* **TO DO**
From the line containing "스칼프디자인센터 의정부점 |" to the last line of the listing, both included, copy every line exactly and drop the pictures.

* **EXCERPTED DATA**
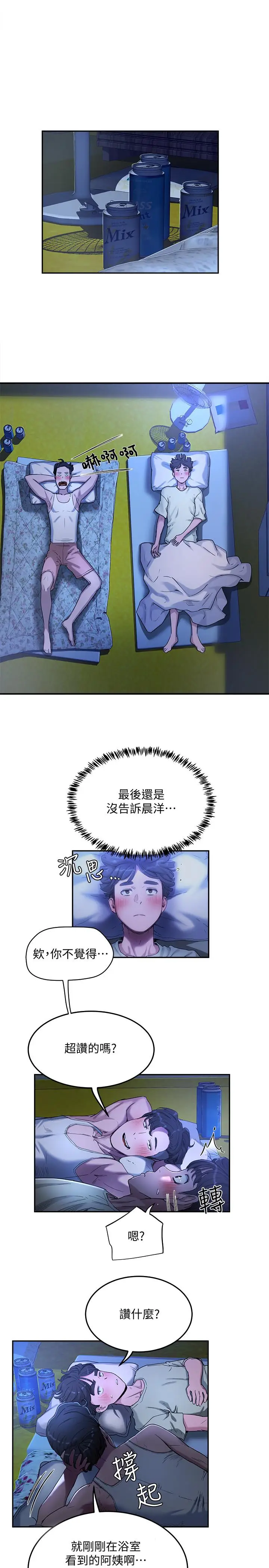 漫画《夏日深处》第3话第25张图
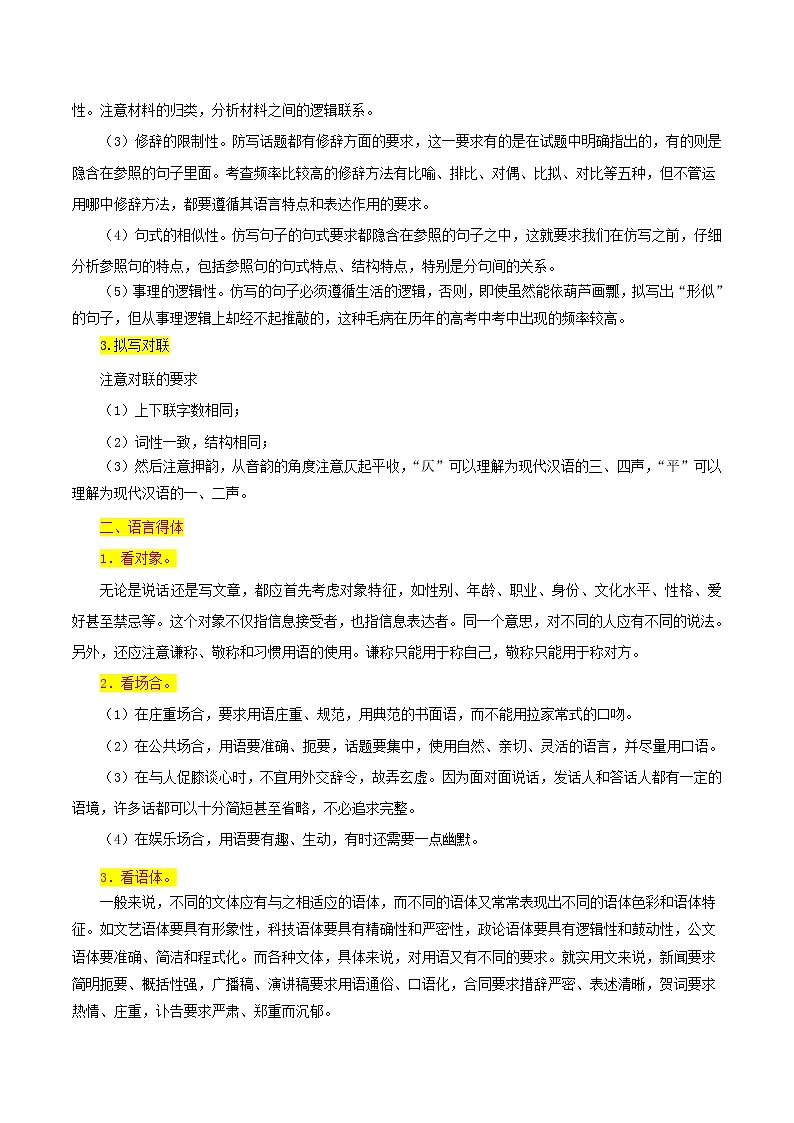 考点09 仿写句子、语言得体、句式变换等(原卷版)-备战2022年高考语文一轮复习考点微专题(新高考版)第3页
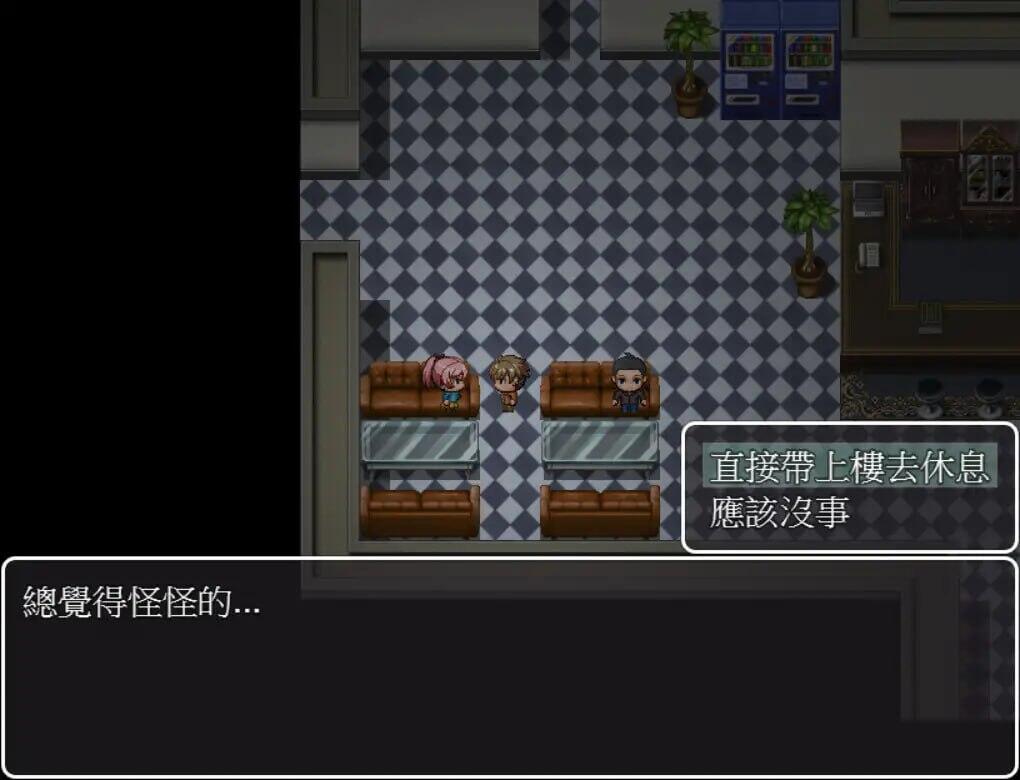 图片[4]-w69 RiNa Test 官方中文 500M-acg畅游网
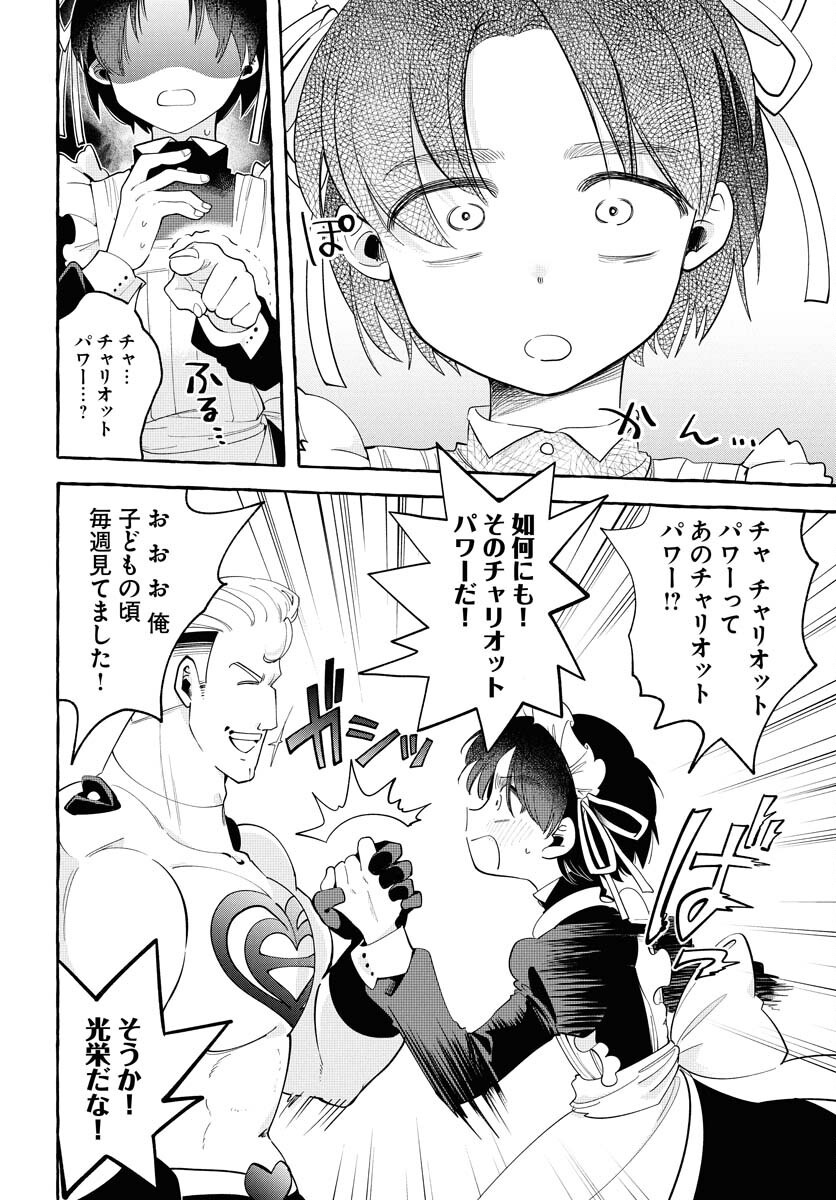 LOST STELLA NO TAIZAISHA-TACHI Chap 2 - Pic 24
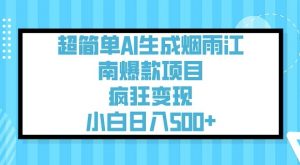 超简单AI生成烟雨江南爆款项目,疯狂变现,小白日入5张-网创星球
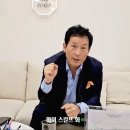 스칼프디자인센터 의정부점 | 의정부두피문신 마이스칼프에서 상담받고 시술한 솔직 후기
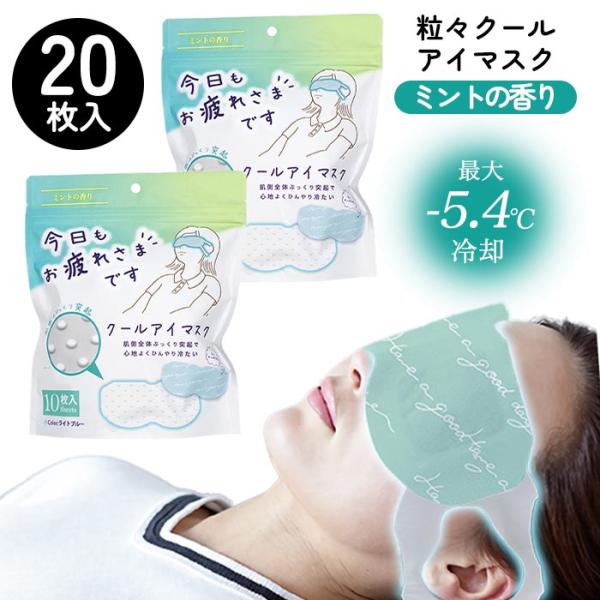 【2個セット】 アイマスク クールタイプ 冷たい ひんやり アイケア リラックス リフレッシュ 気持...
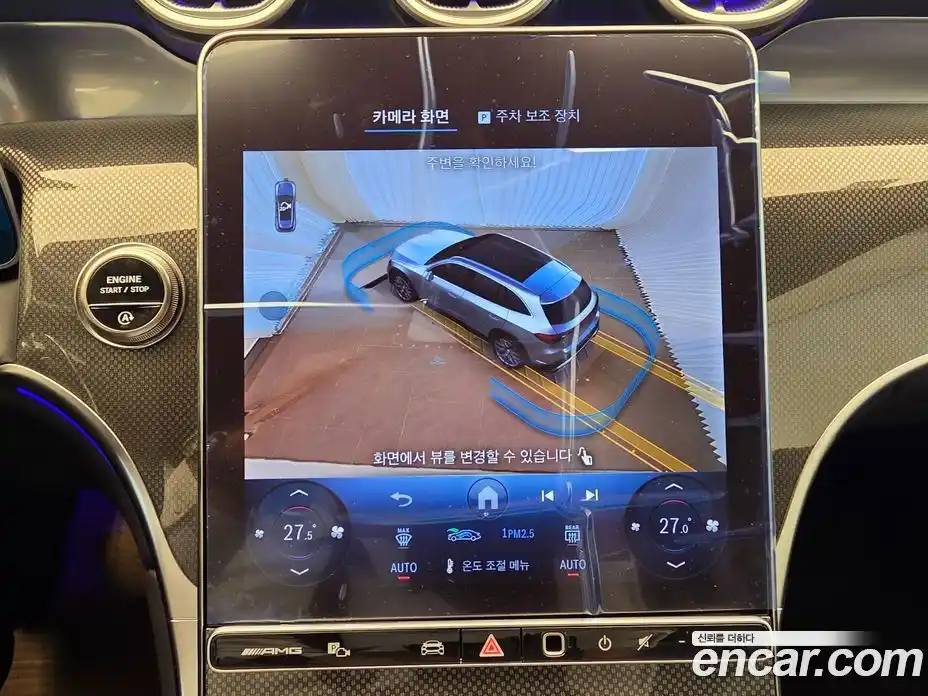 Mercedes-Benz GLC-Class 2026 2.0 Автомат в Москве № 721602, фото 13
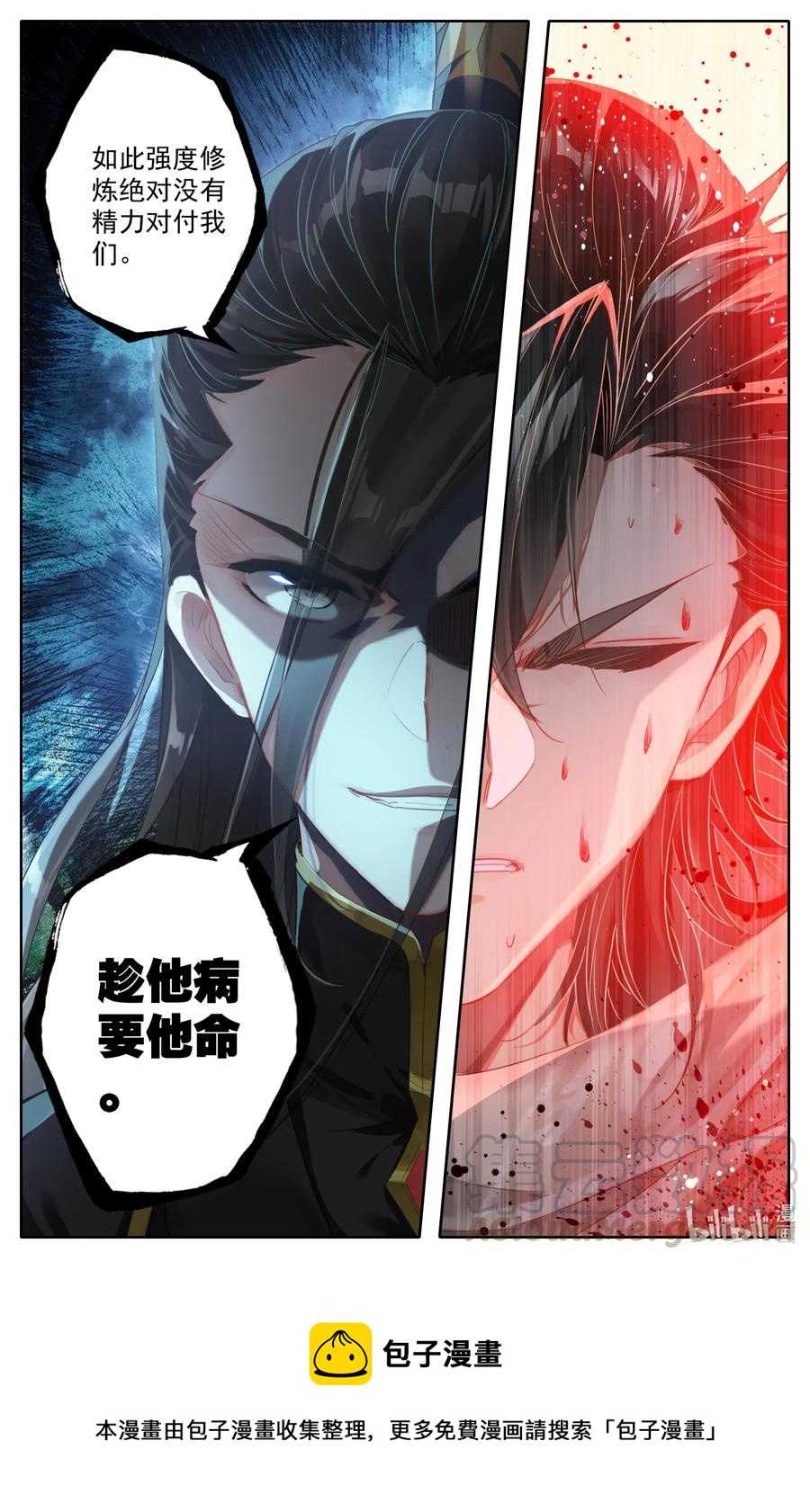 064 六层功法12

* **OUTPUT FOR THIS TASK**
 스칼프디자인센터 의정부점 | 의정부두피문신 마이스칼프에서 상담받고 시술한 솔직 후기
 【2個セット】 アイマスク クールタイプ 冷たい ひんやり アイケア リラックス リフレッシュ 気持...
 Mercedes-Benz GLC-Class 2026 2.0 Автомат в Москве № 721602, фото 13
 064 六层功法12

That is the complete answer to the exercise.